§ **Problem to work on**
When you reach the line below that has "Chicken life cycle", start returning lines exactly, and stop after the line that has "Picture 151 of"; skip the pictures.

§ **Source records**

---*---

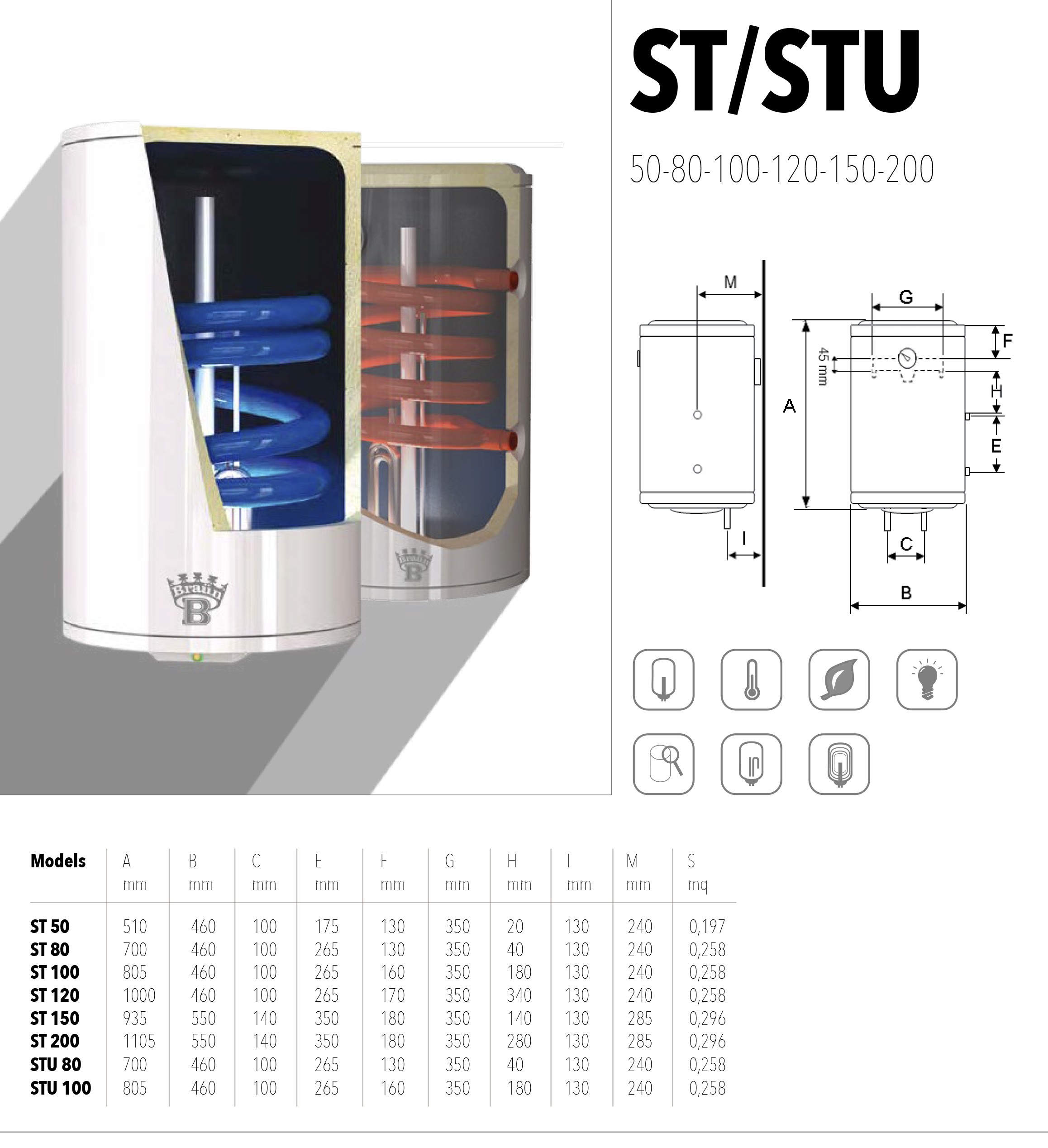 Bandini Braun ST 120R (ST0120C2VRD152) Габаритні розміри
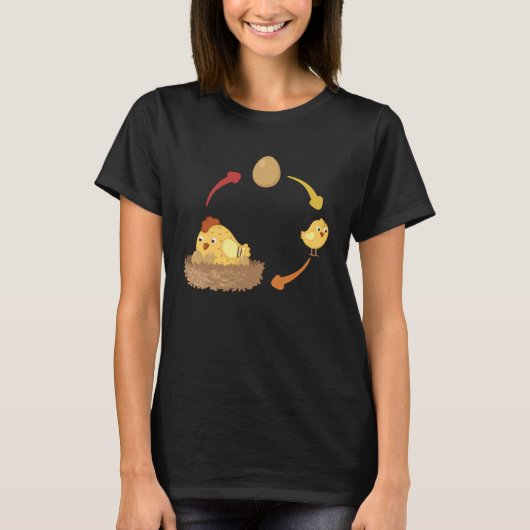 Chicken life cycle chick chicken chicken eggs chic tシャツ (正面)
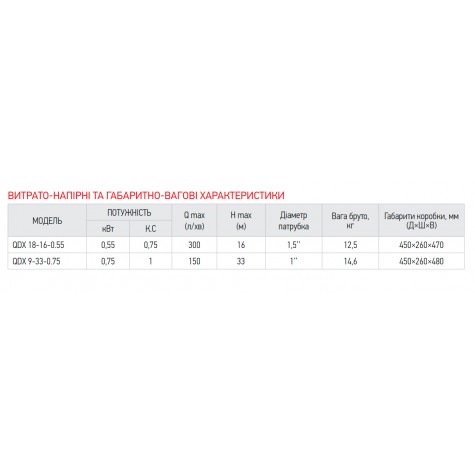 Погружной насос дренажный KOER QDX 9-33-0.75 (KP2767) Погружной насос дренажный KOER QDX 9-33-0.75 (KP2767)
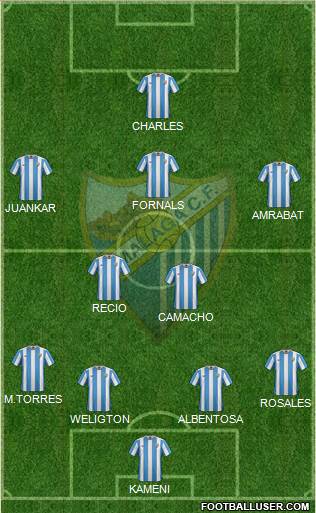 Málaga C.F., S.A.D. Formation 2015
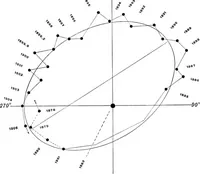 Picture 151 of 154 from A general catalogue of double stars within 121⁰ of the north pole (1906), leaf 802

---*---

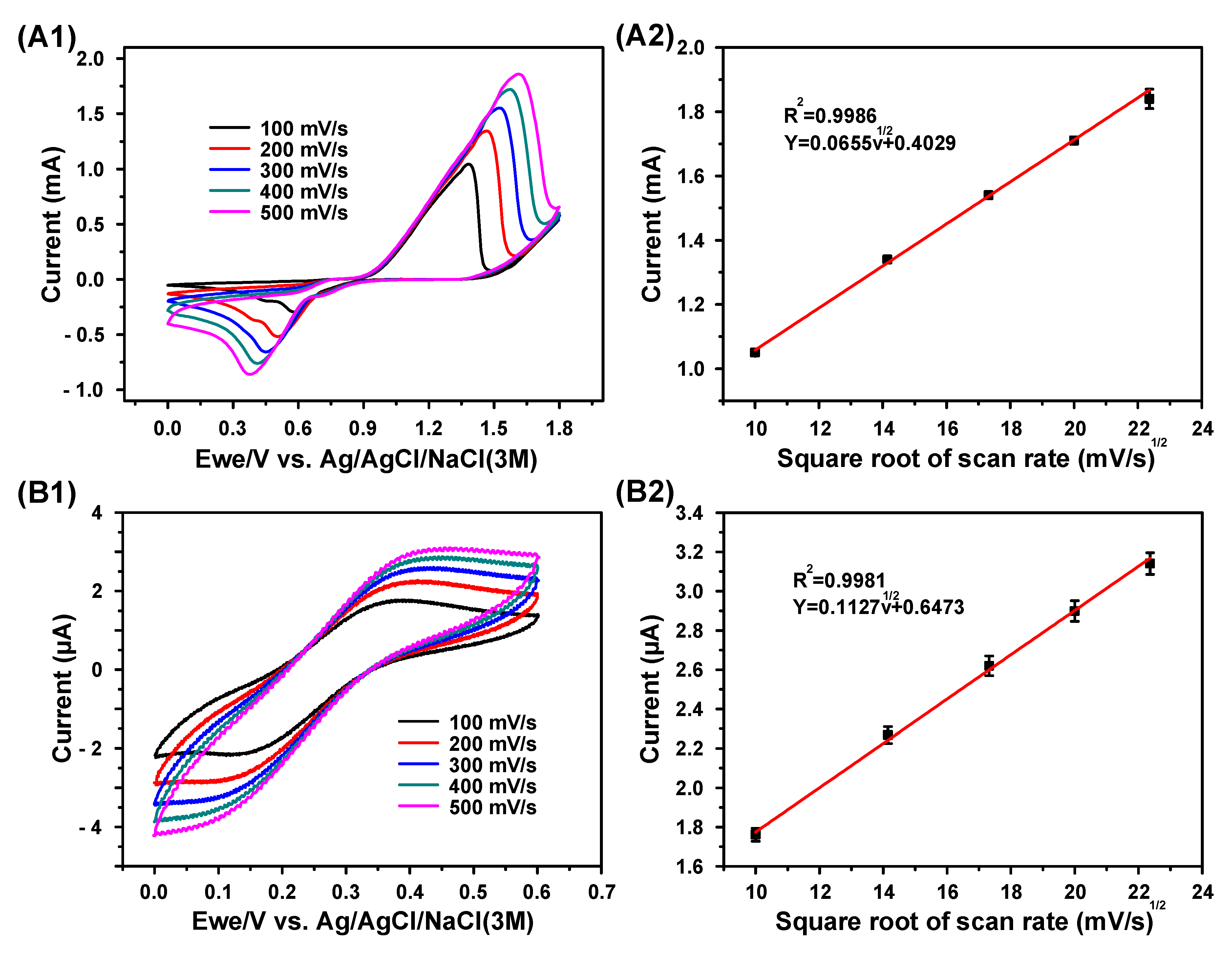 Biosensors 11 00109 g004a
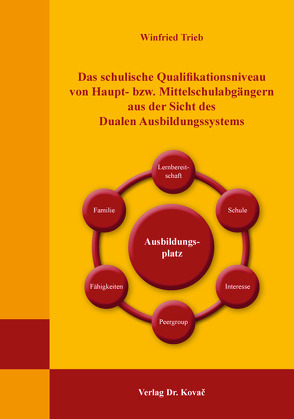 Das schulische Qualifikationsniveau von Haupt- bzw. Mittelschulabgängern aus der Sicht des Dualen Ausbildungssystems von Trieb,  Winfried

---*---

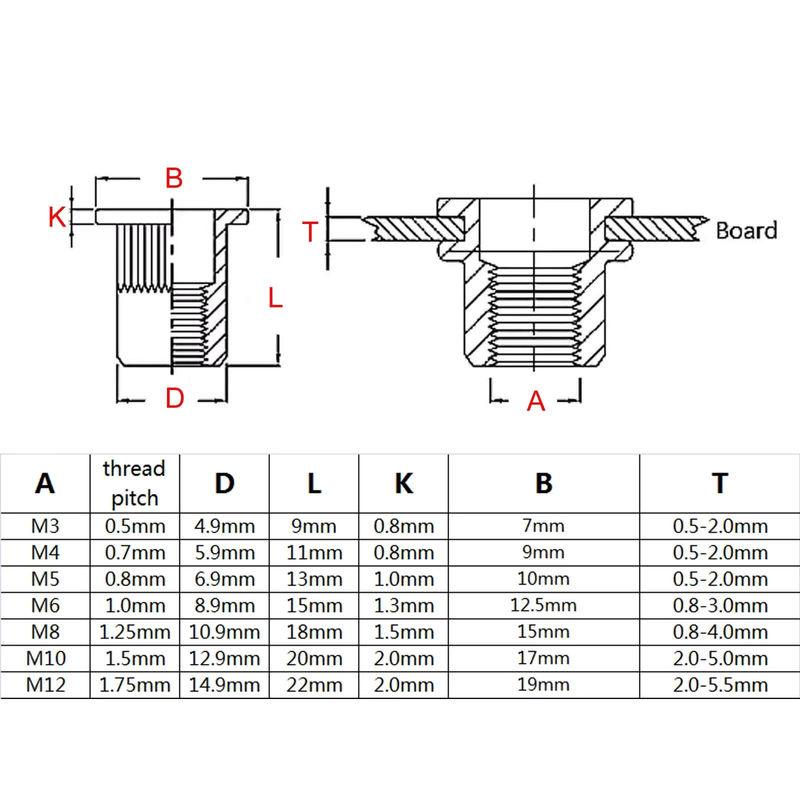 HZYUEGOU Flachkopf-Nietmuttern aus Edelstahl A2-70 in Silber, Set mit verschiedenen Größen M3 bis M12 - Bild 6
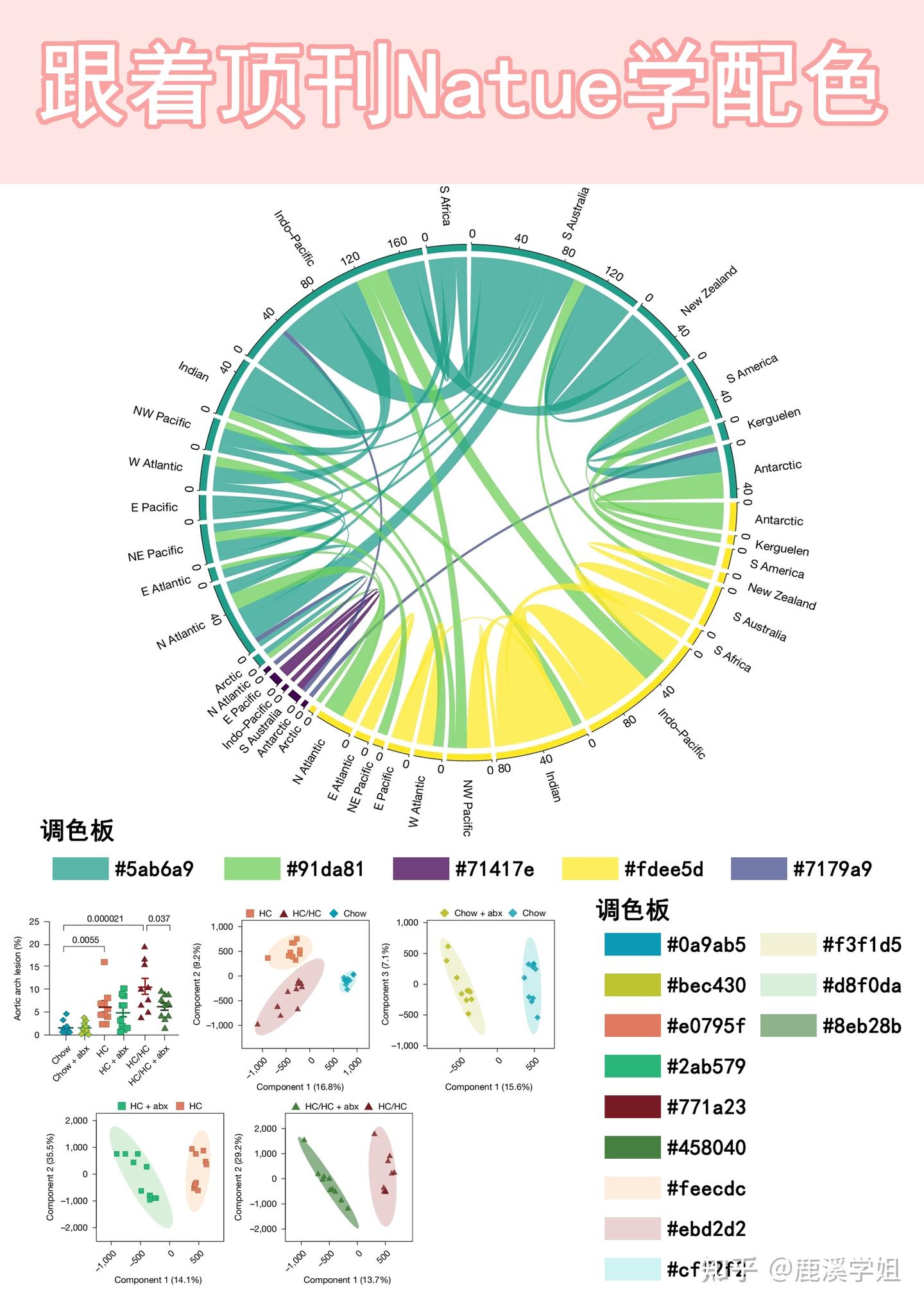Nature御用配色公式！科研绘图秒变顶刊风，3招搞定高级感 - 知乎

---*---

§ **Your response**
 Chicken life cycle chick chicken chicken eggs chic tシャツ (正面)
 Погружной насос дренажный KOER QDX 9-33-0.75 (KP2767) Погружной насос дренажный KOER QDX 9-33-0.75 (KP2767)
 Málaga C.F., S.A.D. Formation 2015
 Picture 151 of 154 from A general catalogue of double stars within 121⁰ of the north pole (1906), leaf 802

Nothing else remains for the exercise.